France was born in Decatur, Indiana, in 1879. He was the son of John T. France, a lawyer, and Belle France.
France enrolled at the University of Michigan where he played for the Michigan Wolverines football team. He was selected as a first-team All-American in 1899 by the Philadelphia Inquirer, and was a consensus All-Western player that year. France played on the 1898 Michigan Wolverines football team that won the school's first Western Conference championship, outscoring opponents 205-26 with a perfect 10-0 record. He also played on the 1899 Michigan team that outscored opponents 176-43 and compiled an 8-2 record.
France gained press coverage for his role in the 1899 game against the Wisconsin Badgers that decided the Western Conference championship. Wisconsin was led that year by Pat O'Dea, considered the greatest kicker in the history of the game to that time. The game was played in Chicago on Thanksgiving Day in front of a crowd of 18,000, the largest crowd to that date to watch a football game west of Philadelphia.
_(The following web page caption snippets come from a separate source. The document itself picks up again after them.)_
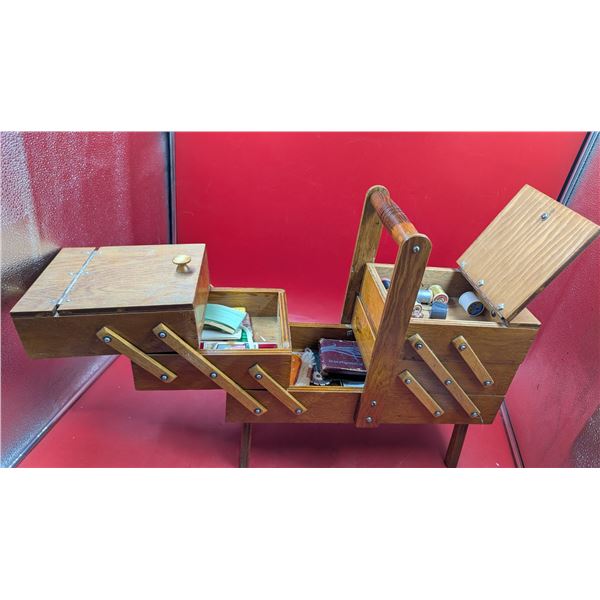VTG Accordion-Style Sewing Box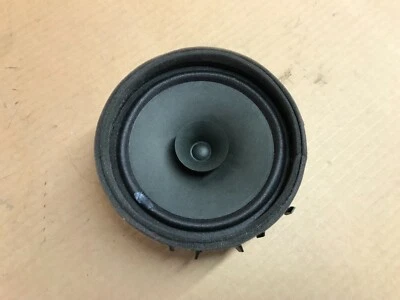 Mitsubishi Outlander Sport LR 2016 conductor puerta trasera altavoz 16 Foto 1 de 2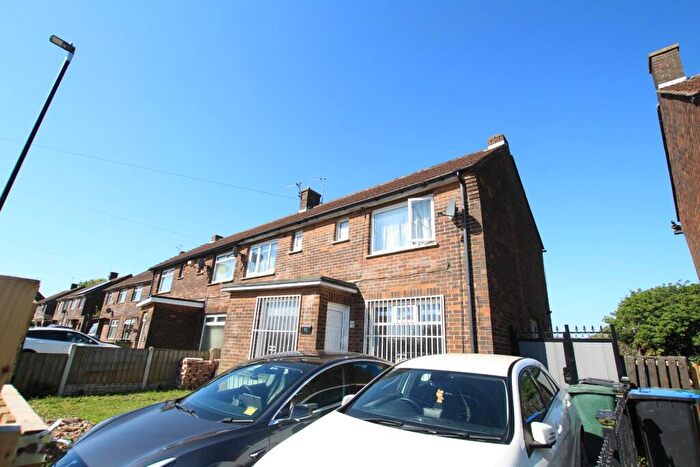4 Bedroom Semi-Detached House For Sale In Broadstone Way Bradford, BD4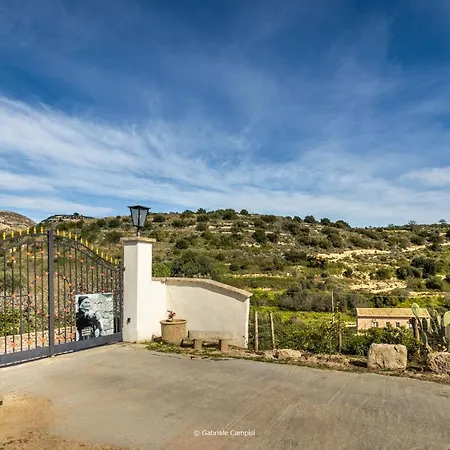 Val Di Farm stay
Wisconsin took an 11-0 lead in the game, largely through the play of O'Dea. There were reports that Michigan's strategy was to put O'Dea out of the game, and he was subjected to a number of rough hits by France and William Cunningham. On one play, France "came into him like a battering ram after he had punted the ball." O'Dea warned France that if he did it again "there would be trouble." After another punt, France came for O'Dea again, an O'Dea slugged him in the face. A Wisconsin newspaper account described the incident as follows:
"Meantime O'Dea had been laying out France, hitting him with such force that the big guard was stretched out and but for the time gained through the wrangle at the end of the goal line and the speedy ending of the half, would hardly have been able to continue playing. O'Dea claimed that the knockout blow was accidental."
The game's referee saw the blow, and O'Dea was ejected from the game. Even without O'Dea, Wisconsin hung on in the second half to win the game, 17-5.
In a draft registration card completed in 1918, France listed his residence as Alliance, Ohio, and his employer as the Morgan Engineering Co. In a later draft registration card completed at the time of World War II, France list his residence as Canton, Ohio, and his occupation as the Sheriff of Stark County, Ohio. France died in 1953 at age 74 in Louisville, Ohio. He was buried in Alliance, Ohio.